In fact such a referral would be consistent with U.S. policy on the ICC. The United States has never opposed ICC prosecutions across the board. Rather, it has maintained that ICC prosecutions of non-treaty parties would be politically accountable and thus legitimate if they received the imprimatur of the Security Council. The Darfur case allows the United States to argue that Security Council referrals are the only valid route to ICC prosecutions and that countries that are not parties to the ICC (such as the United States) remain immune from ICC control in the absence of such a referral.

This course of action would signal U.S. support not only for the United Nations but for international human rights as well, at a time when Washington is perceived by some as opposing both. And it would give the United States leverage in seeking genuine sanctions against Sudan, especially with France, which for oil-related reasons has quietly resisted U.S. efforts on Darfur. France would have a hard time opposing a package of sanctions that included U.S. support for an ICC referral. Opposition by China and Russia would be harder to overcome but would at least make clear to the world that those two powerful nations are even more opposed to the ICC than the United States.
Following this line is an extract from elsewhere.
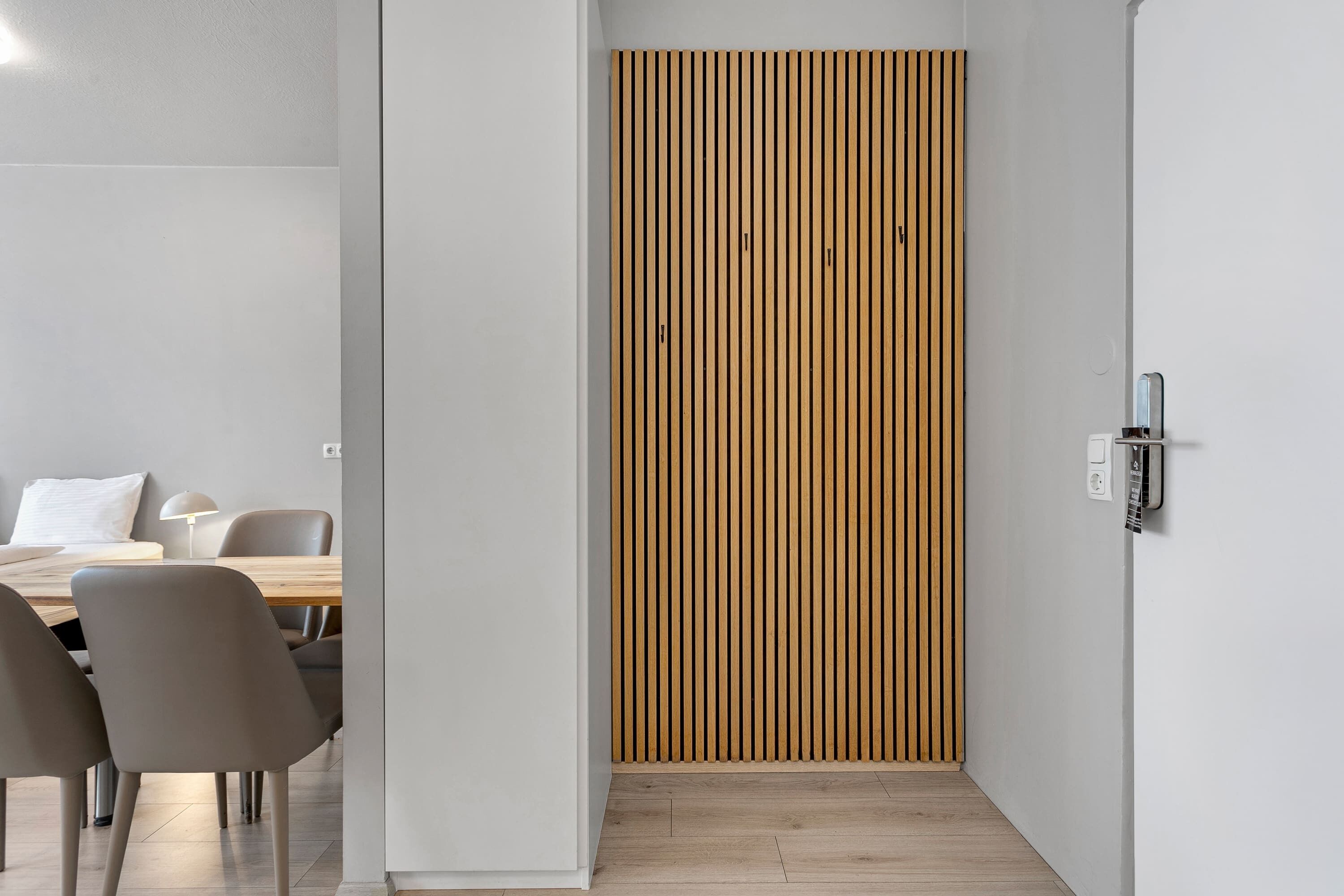 Een modern interieur met een wand van houten latten, een eethoek met stoelen en een tafel, en een lichtschakelaar op de muur.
U.S. support for a Security Council referral might also point the way to a compromise with European nations that are anxious to secure U.S. backing for the international court but oppose state-to-state deals that overtly immunize U.S. citizens from ICC jurisdiction. Agreement on the need for Security Council approval for ICC prosecutions would provide a more principled way for Europe to alleviate U.S. concerns about rogue ICC prosecutions. Critics would decry this approach as a double standard for Security Council members, who can protect themselves by vetoing a referral. But this double standard is woven into the fabric of international politics and is the relatively small price the international system pays for the political accountability and support that only the big powers, acting through the Security Council, can provide.

The fears of "legitimizing" the ICC are overstated. It's too late to kill the International Criminal Court. The Security Council (including the United States) presupposed the ICC's authority when it voted in 2002 and 2003 to immunize U.N. peacekeepers from ICC prosecutions. And the institution is now up and running, preparing for cases already referred to it. For better or worse, the ICC is not going away anytime soon.

Another potential obstacle is a 2001 congressional bar on U.S. cooperation with the ICC. But this statute exempts acts taken pursuant to the president's constitutional authority, and it specifically permits the president to communicate to the ICC U.S. "policy with respect to a matter." The congressional ban would preclude U.S. financial support for the ICC, but all that means is that the United States can, for a change, enjoy the fruits of international justice without having to pay for it.

Not that there will necessarily be much fruit. Prosecutions by other international criminal courts have done little to bring reconciliation to Rwanda or the former Yugoslavia, or (as the Darfur tragedy shows) to deter future crimes in other nations. Nonetheless, it is possible that the concrete threat of an ICC prosecution could temper the killings in Darfur without adversely affecting the recent peace deal between Sudan's Islamic government and its southern rebels. If so, the Bush administration should play the difficult hand likely to be dealt it by the Cassese commission to its own political advantage. A more moderate stance toward the ICC could be a more effective one.

The writer, a professor at Harvard Law School and a former Bush administration official in the Justice and Defense departments, is the author of "The Limits of International Law."